The Medicaid program has been around for a while, but it’s gone through several updates since it was first signed into law. Let’s take a journey through those legislative changes to see how we got the Medicaid program we have today, specifically as it pertains to long-term care.
When Congress passed the Social Security Act of 1965, the Medicaid program was officially born. It became a joint federal-state program for which the federal government would establish baseline standards for the state programs, provide funding, and create guidelines for the states to implement. The program was designed to provide medical assistance to those with limited means, including low-income families, single parents, the elderly, and blind and disabled individuals.
Although minor changes were made to the Medicaid program over the next 15 years, the Omnibus Budget Reconciliation Act of 1981 (OBRA ’81) was a significant turning point. OBRA ’81 was meant to control program expenditures as part of an effort to restore the nation’s economy. As such, college student benefits, the minimum benefit, and disability benefits were key targets under OBRA ’81.
The next major change to Medicaid came with the Medicare Catastrophic Coverage Act of 1988 (MCCA). The MCCA was meant to improve benefits for the elderly and disabled and reduce the financial risk and strain associated with long-term care. Most notably, the MCCA added spousal impoverishment standards to the Medicaid program, such as the Community Spouse Resource Allowance and Monthly Maintenance Needs Allowance.
Read More: Spousal Impoverishment Rules for Medicaid
In addition to changes to Medicare, the Omnibus Budget Reconciliation Act of 1993 (OBRA ’93) also included updates to the Medicaid program. OBRA ’93 expanded the lookback period from 30 months under the MCCA to 36 months and established the duration of the penalty period. It also established specific rules for trusts and mandated estate recovery for Medicaid costs paid on behalf of the recipient for a nursing home stay and other long-term care services.
The Deficit Reduction Act of 2005 (DRA) made the most recent set of sweeping changes to the Medicaid program and is the basis of the Medicaid program we use today. It expanded the lookback period from 36 months to 60 months, changed the start date of the penalty period, and added evidence of citizenship requirements. The DRA also made significant changes to how annuities are treated for Medicaid eligibility purposes. In order to be compliant, the annuity must be irrevocable, non-assignable, and actuarially sound. It must provide equal payments, and the state must be named as beneficiary.
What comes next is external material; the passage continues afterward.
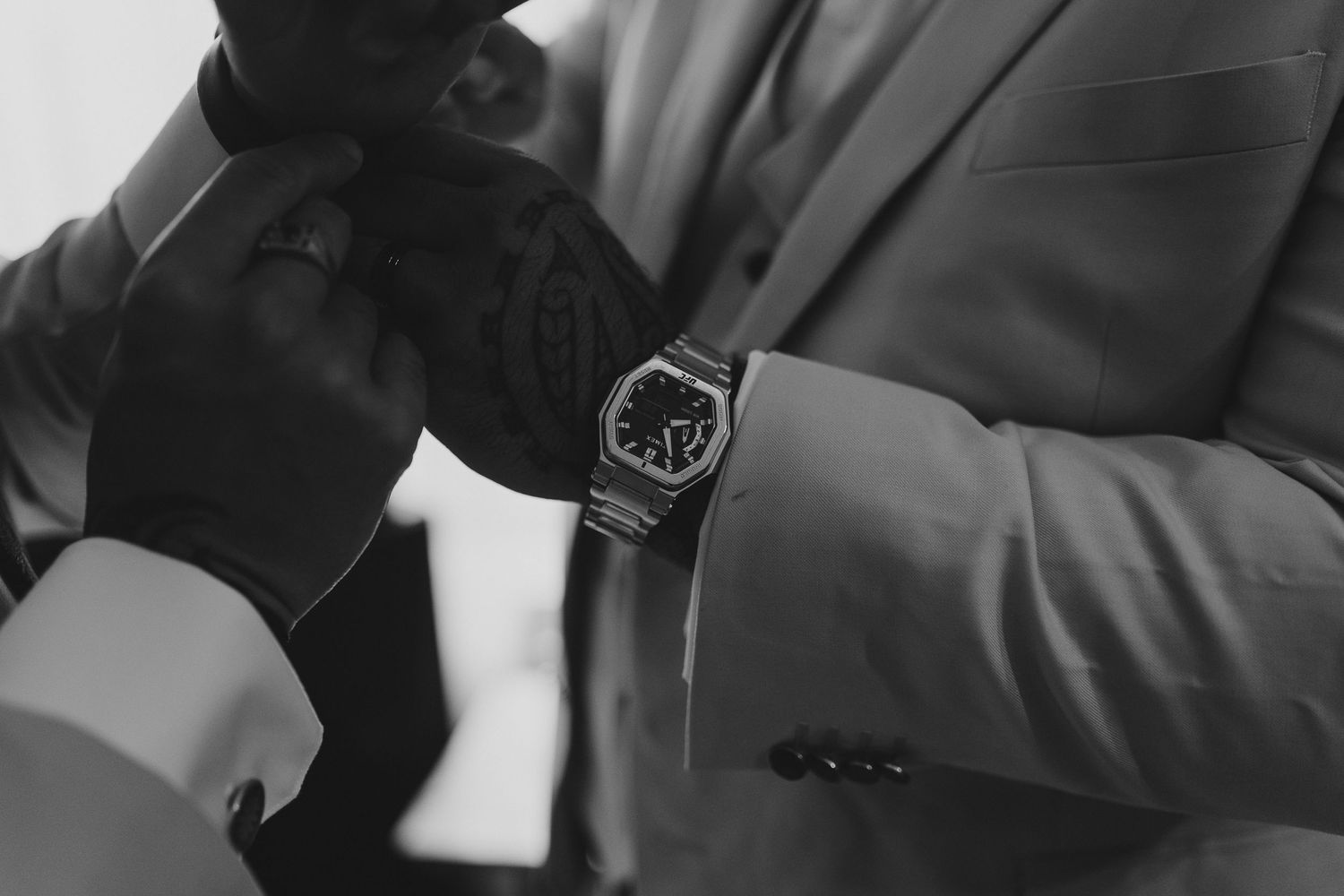 Close-up black and white detail shot of a luxury watch on a suited arm.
Read More: What is a Medicaid Compliant Annuity?
The latest change to Medicaid came with the Affordable Care Act (ACA), which expanded Medicaid availability to all Americans younger than 65 whose income is at or below 133% of the federal poverty guidelines. The ACA also modified the income calculation for most applicants and required states to submit annual enrollment reports.
Now that we’ve gone through the legislative history of Medicaid, it’s important to understand that slight changes are made to each state’s Medicaid program on a regular basis. That’s why it’s crucial to stay up to date. Fortunately, when you work with an elder law attorney, they’ll do the legwork for you.